The game is a thriller. It's T-rated, Microsoft announced today, and doesn't aspire to be the kind of scary game we've played before. Remedy writer Sam Lake described the game to me as a "smart, tightly-paced story" and as a "thriller." I asked him earlier this week what he meant be smart. "This is more of a thriller than a horror game," he said. "When you talk about horror in video games, it usually means blood and gore." He said the Remedy team wanted something other than cheap chills. "We want to make sure there are no scares just for the sake of scares," he said. Everything, all of the game's creepiness, will cohere into a narrative.

At a hotel in New York earlier this week, three of Remedy's top men showed me about 20 minutes of Alan Wake. We first looked at part of the game's first chapter or, as the studio has been calling it in the model of favorite shows of theirs like Lost, "episode." Alan and Alice were driving into Bright Falls, heading over to a diner where they would meet the man with the keys to the house they'd be staying at. The diner was filled with ambiance and optional diversions. The waitress recognized Alan and squealed to him about how she was his biggest fan and even had the cardboard cut-out commemorating one of his novels to prove it. Sure enough, at the doorway was a cardboard Alan Wake.

As one of Remedy's developers walked Alan to the back of the diner, our hero encountered two old-timers sitting in a booth, jawing about something or other. One of them asked Alan to play a song on the jukebox. Further to the back, Alan encountered a lady in black, her face covered in a veil. She wasn't the person who was supposed to give Alan the house keys, but she had them. And, she creepily added, she'd come by later to meet his wife. She demanded it.

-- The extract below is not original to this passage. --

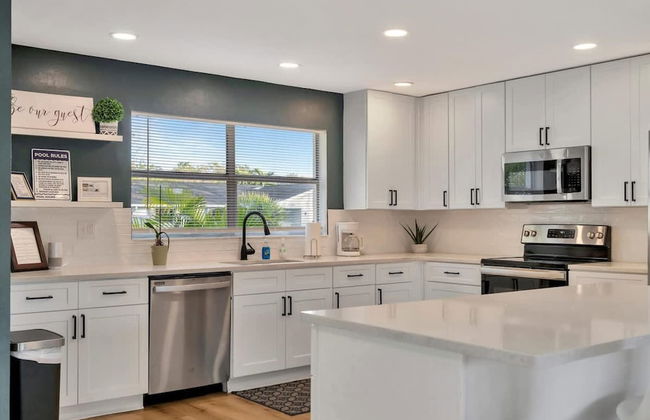 Heated Pool 3b 2b Home 10 Mins to Beach - Photo 18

We skipped ahead to the midst of an episode later in the game. By this time, we were in the action. The sun had set. The darkness had descended and the flashlight-and-gun core shooting gameplay was in effect. Enemies in Alan Wake are covered in a shadowy haze. To defeat them before they kill Alan, the player has to focus Alan's flashlight on the enemy, burning off the haze. Once that's done, Alan can — and should! — shoot. Alan Wake is a single-player game, but at this section of the game, as he tried to survive out on a wooded hillside, he was accompanied by Bright Falls' sheriff and the game's comic relief, Alan's literary agent Barry Wheeler. Since light could ward off the enemies, Barry had wrapped himself in Christmas lights. He looked ridiculous. in a good way.

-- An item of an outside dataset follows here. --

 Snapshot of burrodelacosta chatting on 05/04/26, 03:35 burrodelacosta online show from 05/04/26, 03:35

Under a night sky, the trio worked their way to the top of a dam. Hounded by possessed people and flocks of birds, they did their best to survive. On the road atop the dam, the Remedy guys had Alan commandeer a big spotlight. He could use it as a turret, but any light source Alan uses has limits. His flashlight can run low on batteries, forcing the player to use one of his reserves. The spotlight can burn itself out. So after a little bit of spotlight blasting, Alan left the thing idle and was left to his flashlight and handgun. Lake told me that spotlights and other light sources can be used to corral an enemy. Leave a shaft of light beaming on the right and enemies will avoid that region.

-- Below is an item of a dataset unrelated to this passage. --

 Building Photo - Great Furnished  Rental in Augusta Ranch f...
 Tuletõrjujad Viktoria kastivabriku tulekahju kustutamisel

As enemies swarmed Alan, the best defense turned out to be a flare gun. Firing this at several onrushing enemies triggered a stylish slowdown effect. The enemies recoiled and Alan dodged. But the mysterious dark force had plenty of other things in store for Alan. Unfortunately, as it got hectic, the demo ended.

Lake told me that gamers can think of Alan Wake as an "everyman," not an "action hero." Unlike Uncharted 2's Nathan Drake, he's more of a flawed character, struggling in his marriage, struggling with his craft. But, aside from that, the best compliment to pay Alan Wake the game right now is that it is exuding the style, polish and beauty of location of Naughty Dog's hit PlayStation 3 series. The game's dark Pacific northwest is lovely. Its sense of style, dark and mysterious, narrated in ominous past-tense, is winning. It took long enough, but it does feel like this game is coming together.

We'll have more on Alan Wake in the coming days, including hands-on impressions of my own time trying to survive as Alan Wake in the darkness of Bright Falls.